This feature suggestion is inspired from "Soft Handover" that happens in mobile towers. For details: https://en.wikipedia.org/wiki/Handover#Types
Basically, with a 5 min streaming limit for Google Speech-To-Text (STT), there is an example provided in the `java-docs-samples` repo (and python and JS too) which continues to stream audio - infinitely -by opening a new stream and resending the past N audio packets. This is calculated from last final transcript's end time.
This uses what is referred to as "break-and-make" approach. This has some problems:
I tried to work with a "Soft handover" method ("make-and-break") where we open another stream early (Say, 1 min before the limit) and send audio to both streams until the transcripts "align". When they do, we switch to new stream.
While this has a few unique aspects to take care of, I believe this gives better control to the application and is not tied to word timings.
I wanted to get feedback on the same. Attaching the code file (in java) here. For testing purposes, I have kept the STREAMING_LIMIT as 30 seconds.
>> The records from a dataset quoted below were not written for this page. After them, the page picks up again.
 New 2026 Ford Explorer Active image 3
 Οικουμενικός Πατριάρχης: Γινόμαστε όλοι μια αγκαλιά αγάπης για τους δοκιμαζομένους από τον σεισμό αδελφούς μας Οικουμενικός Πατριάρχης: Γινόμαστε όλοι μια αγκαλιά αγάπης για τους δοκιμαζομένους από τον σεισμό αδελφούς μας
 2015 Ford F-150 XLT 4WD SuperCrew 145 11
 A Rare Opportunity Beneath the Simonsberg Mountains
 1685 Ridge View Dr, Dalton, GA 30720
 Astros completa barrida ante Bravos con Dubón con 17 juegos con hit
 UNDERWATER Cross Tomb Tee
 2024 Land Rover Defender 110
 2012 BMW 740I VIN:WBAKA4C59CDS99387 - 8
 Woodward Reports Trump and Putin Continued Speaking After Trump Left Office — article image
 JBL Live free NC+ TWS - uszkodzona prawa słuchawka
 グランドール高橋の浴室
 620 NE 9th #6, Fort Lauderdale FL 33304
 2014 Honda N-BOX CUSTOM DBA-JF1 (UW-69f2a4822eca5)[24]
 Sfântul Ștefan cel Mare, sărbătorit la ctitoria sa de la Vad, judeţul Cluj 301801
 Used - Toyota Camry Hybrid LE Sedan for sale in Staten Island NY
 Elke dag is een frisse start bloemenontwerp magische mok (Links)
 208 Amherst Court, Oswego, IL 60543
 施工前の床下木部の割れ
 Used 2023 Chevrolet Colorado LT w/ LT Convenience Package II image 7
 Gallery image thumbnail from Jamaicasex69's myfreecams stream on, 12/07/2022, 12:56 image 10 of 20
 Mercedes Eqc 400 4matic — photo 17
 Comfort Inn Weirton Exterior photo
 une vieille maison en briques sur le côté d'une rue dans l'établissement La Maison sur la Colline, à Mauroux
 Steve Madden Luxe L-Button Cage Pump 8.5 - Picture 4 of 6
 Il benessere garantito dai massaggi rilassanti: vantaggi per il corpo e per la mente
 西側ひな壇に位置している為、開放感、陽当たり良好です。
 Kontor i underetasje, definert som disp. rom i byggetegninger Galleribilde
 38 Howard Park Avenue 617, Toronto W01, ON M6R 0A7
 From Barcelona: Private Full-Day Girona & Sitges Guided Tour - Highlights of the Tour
I am aware of some areas where I can sharpen this more (Ex: alignment algorithm), but I am looking for concrete and major concerns from experts or authors.
/*
* Copyright 2023 Google LLC
*
* Licensed under the Apache License, Version 2.0 (the "License");
* you may not use this file except in compliance with the License.
* You may obtain a copy of the License at
*
* http://www.apache.org/licenses/LICENSE-2.0
*
* Unless required by applicable law or agreed to in writing, software
* distributed under the License is distributed on an "AS IS" BASIS,
* WITHOUT WARRANTIES OR CONDITIONS OF ANY KIND, either express or implied.
* See the License for the specific language governing permissions and
* limitations under the License.
*/
package com.example.speech;
// [START speech_transcribe_infinite_streaming_soft_handover]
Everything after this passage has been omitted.